Las JMJ, que tiene lugar cada dos o tres años, siguen siendo la más importante de las demostraciones de fuerza de la juventud católica. Esta vez, azar o “providencia”, como dicen en Roma, el encuentro, previsto para su antecesor Benedicto XVI, tiene al frente al primer Papa latinoamericano de la historia, que llegó ayer a Brasil, en su primer viaje al extranjero.

Un destino bastante en sintonía con las principales preocupaciones destacadas hasta ahora por el nuevo Papa: pobreza, desigualdad social, dimensión misionera de la Iglesia, rol evangelizador de los jóvenes... Uniendo lo útil a lo agradable, el Papa, un apasionado del futbol, también podrá encontrarse con las antiguas estrellas Pelé y Zico y el joven jugador Neymar.

Pero el recibimiento forzosamente entuasiasta que reservan las JMJ al Papa en “el país católico más grande del mundo” —con todavía 123 millones de fieles (63 por ciento de la población), según el censo de 2010— no alcanza para esconder los desafíos que enfrenta la Iglesia católica, también en esta área: secularización, desafección de los más jóvenes por la práctica religiosa y competencia de otras creencias.

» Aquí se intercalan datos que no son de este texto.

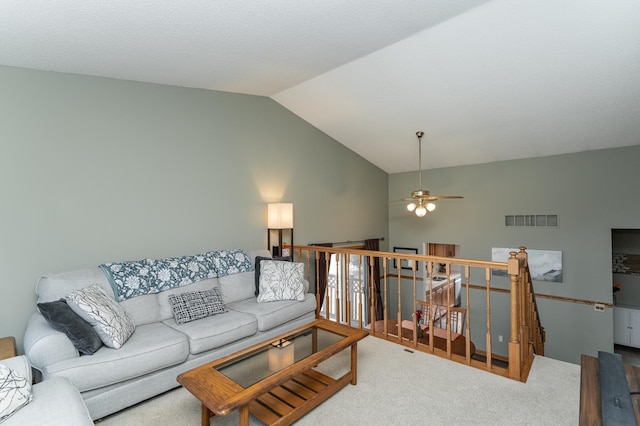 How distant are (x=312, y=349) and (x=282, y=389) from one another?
0.36 meters

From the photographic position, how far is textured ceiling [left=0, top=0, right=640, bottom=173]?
2.20 metres

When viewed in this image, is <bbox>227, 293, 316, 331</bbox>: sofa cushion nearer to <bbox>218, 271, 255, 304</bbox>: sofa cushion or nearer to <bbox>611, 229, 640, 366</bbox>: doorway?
<bbox>218, 271, 255, 304</bbox>: sofa cushion

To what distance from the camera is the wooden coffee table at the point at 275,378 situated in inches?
67.2

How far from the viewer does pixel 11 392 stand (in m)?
1.53

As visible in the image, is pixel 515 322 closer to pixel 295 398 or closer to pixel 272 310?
pixel 295 398

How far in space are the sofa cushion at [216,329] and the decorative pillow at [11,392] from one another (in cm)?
105

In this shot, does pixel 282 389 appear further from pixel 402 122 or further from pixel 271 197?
pixel 402 122

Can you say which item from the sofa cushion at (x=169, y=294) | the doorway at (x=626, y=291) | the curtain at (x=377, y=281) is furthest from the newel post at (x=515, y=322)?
the doorway at (x=626, y=291)

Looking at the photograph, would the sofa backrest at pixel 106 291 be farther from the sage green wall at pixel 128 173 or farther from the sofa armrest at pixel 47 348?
the sofa armrest at pixel 47 348

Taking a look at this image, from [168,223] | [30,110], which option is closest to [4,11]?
[30,110]

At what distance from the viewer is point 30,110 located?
8.68 ft

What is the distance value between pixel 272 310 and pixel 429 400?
1.57 meters

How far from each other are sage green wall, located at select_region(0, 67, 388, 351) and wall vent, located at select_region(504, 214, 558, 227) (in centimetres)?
351

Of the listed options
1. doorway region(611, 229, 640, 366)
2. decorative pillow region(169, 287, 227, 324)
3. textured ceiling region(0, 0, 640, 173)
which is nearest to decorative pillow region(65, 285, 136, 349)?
decorative pillow region(169, 287, 227, 324) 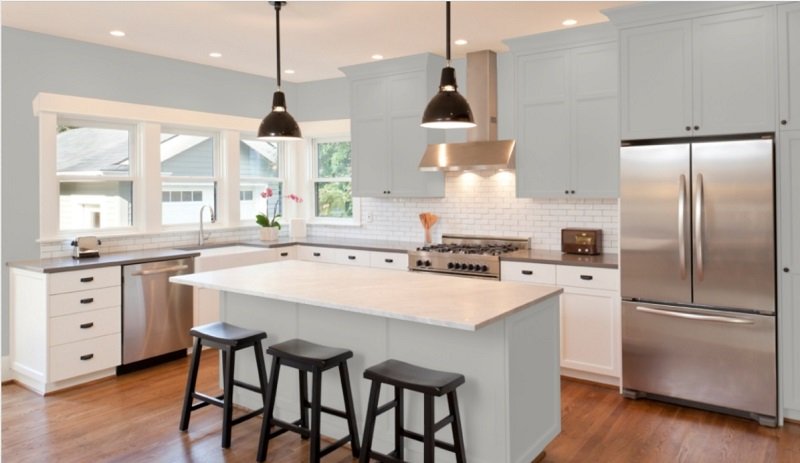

Mientras que Brasil acaba de conocer grandes manifestaciones para denunciar el costo de vida, la corrupción y los gastos suntuarios ligados a la organización del Mundial de Futbol 2014, el Papa, que ha enfatizado desde su elección en el tema social, deberá insistir en el tema si quiere ser el vocero de los marginados de la globalización. Esto sin seguir los pasos de los teólogos de la liberación, de los cuales él reconoce que tuvieron “cosas buenas y otras no tanto”, pero rechaza su postura “marxistizante”.

El Papa, que pretende encarnar “una Iglesia pobre para los pobres”, tiene previsto llegar a pie a una de las favelas más desheredadas y, hasta hoy, una de las más violentas de la capital brasileña, con el mayor índice además de toxicómanos, donde seguramente Francisco hablará de la estragos de la droga y la prostitución como otras formas “de la esclavitud moderna” que él denuncia.

Pero Brasil y, más ampliamente, el continente sudamericano constituyen, sobre todo para la Iglesia católica un apuesta de (re)conquista. Si bien la piedad popular aún puede prender aquí, la secularización avanza: 8 por ciento de la población brasileña se dice sin religión y de 2000 a 2010 la cifra de católicos de 15 a 19 años se redujo 15 por ciento, cuando al mismo tiempo los evangélicos crecieron 50 por ciento.

Además de la diversidad religiosa, dominada por el desarrollo imparable de las iglesias evangélicas, “las sectas agresivas” según les dice el del Vaticano, las prácticas del sincretismo —en un país de mayoría negra, descendiente de esclavos bajo a colonización portuguesa— debilitan el lugar de la Iglesia católica. Al respecto, el Papa es tal vez, de todos sus predecesores, el que tiene la visión más clara sobre esta evolución.